Les feux de la côte ouest des États-Unis depuis l’espace

Les feux de la côte ouest des États-Unis depuis l’espace

La Californie et l’Oregon sont particulièrement touchés par de vastes incendies qui ont commencé en août et qui se poursuivent en septembre. Les satellites donnent une vision d’ensemble et mesurent l’impact sur la qualité de l’air.

Au début de l’année 2020, la sécheresse constatée en Californie faisait craindre une «saison des feux» potentiellement importante. En prévision, un état d’urgence fut décrété dès le mois de mai. Malheureusement, août confirma cette crainte avec des incendies dévastateurs qui continuent encore en septembre. Le 9 septembre, la Californie répertoriait plus de 7000 feux et plus de 8000 km2 détruits. Le voisin au nord, l’Oregon, est aussi durement touché.

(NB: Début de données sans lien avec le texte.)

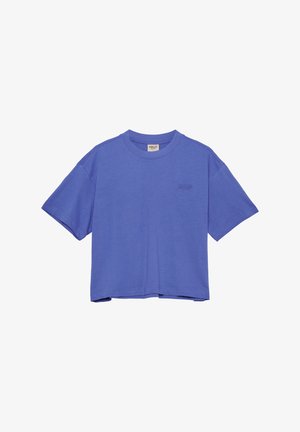 Niebieska krótka koszulka z krótkim rękawem, okrągłym dekoltem i małym haftowanym logo "HALO" na lewej piersi.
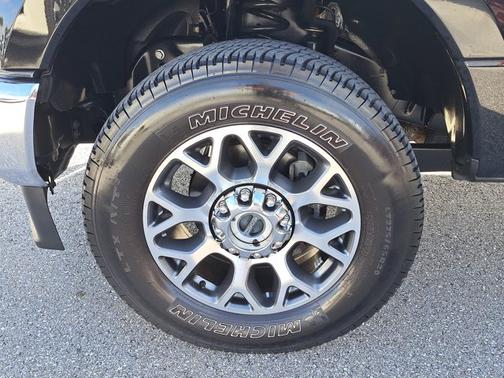 2022 Ford F-350 LARIAT SUPER DUTY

L’ISS et les satellites mesurent l’étendue des feux

Si les incendies californiens de 2020 ont de multiples causes (dont des négligences humaines), le plus souvent ils résultent d’impacts de foudre. La sécheresse a facilité la progression des feux qui ont atteint des proportions inédites pour la côte ouest des États-Unis.
Les satellites fournissent une vue globale qui peut aider pour l’organisation des secours et la lutte contre la propagation de ces feux. Les données récoltées permettent aussi de dresser un bilan de la dégradation de l’air engendrée par les rejets dans l’atmosphère de dioxyde de carbone, de monoxyde de carbone ainsi que de composés chimiques comme le dioxyde de soufre ou d’azote, des gaz acides, des dioxines et autres. Les vents en altitude favorisant leur dispersion à très grande échelle (voir ci-dessous), les satellites autorisent des actions de prévention sur les zones touchées puisque les conséquences sont multiples, allant de la baisse de visibilité à des problèmes de santé. Ce type de dégradation de l’air peut en effet affecter le système respiratoire, cardiaque ou nerveux des personnes en fonction de leur fragilité.

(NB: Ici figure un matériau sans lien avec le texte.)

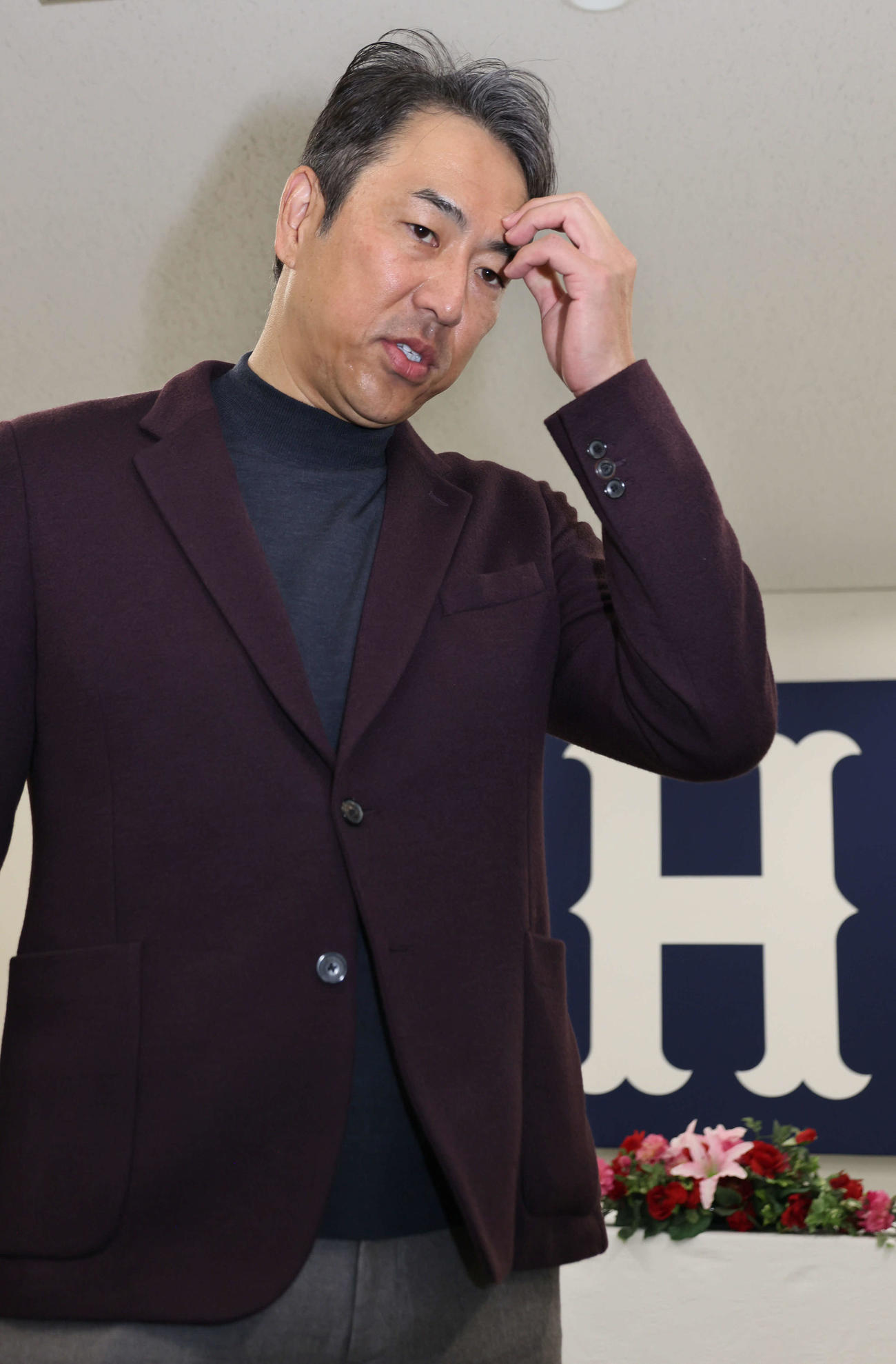 契約後、囲み取材に応じる広島黒田球団アドバイザー（撮影・加藤孝規）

Images et données acquises par le satellite Suomi NPP de la NASA et de la NOAA (agence américaine qui étudie les océans et l’atmosphère). En haut, on constate en lumière visible la propagation des fumées des incendies vers l’intérieur du territoire américain. En bas, les données de l’instrument OMPS (Ozone Mapper and Profiler Suite) du satellite indiquent en couleur la concentration des aérosols issus des incendies, le rouge étant pour les concentrations les plus élevées. Crédit : NOAA/NASA

Images et données acquises par le satellite Suomi NPP de la NASA et de la NOAA (agence américaine qui étudie les océans et l’atmosphère). En haut, on constate en lumière visible la propagation des fumées des incendies vers l’intérieur du territoire américain. En bas, les données de l’instrument OMPS (Ozone Mapper and Profiler Suite) du satellite indiquent en couleur la concentration des aérosols issus des incendies, le rouge étant pour les concentrations les plus élevées.
Crédit : NOAA/NASA

En compilant les images de son satellite géostationnaire GOES-17, l’agence fédérale NOAA chargée de surveiller les océans, l’atmosphère et le climat montre l’impressionnante quantité de fumées rejetée par les feux en Californie et en Oregon. Il s’agit ici de la journée du 8 septembre.

Ce Tweet de la NOAA intègre une vidéo accélérée de la journée du samedi 5 septembre où les images du même satellite, GOES-17, démontrent la rapidité avec laquelle l’incendie dit Creek Fire dans le comté de Fresno s’est développé après avoir démarré la veille. Le 9 septembre, il n’était toujours pas maîtrisé.

https://twitter.com/i/status/1303448953141116928

Installé sur la Station Spatiale Internationale (ISS), l’instrument ECOSTRESS (ECOsystem Spaceborne Thermal Radiometer Experiment on Space Station) du Jet Propulsion Laboratory de la NASA a été conçu pour mesurer avec précision la température de la surface afin d’étudier celle des plantes. Les données ci-dessous ont été acquises le 6 septembre et concernent le sud de la Californie.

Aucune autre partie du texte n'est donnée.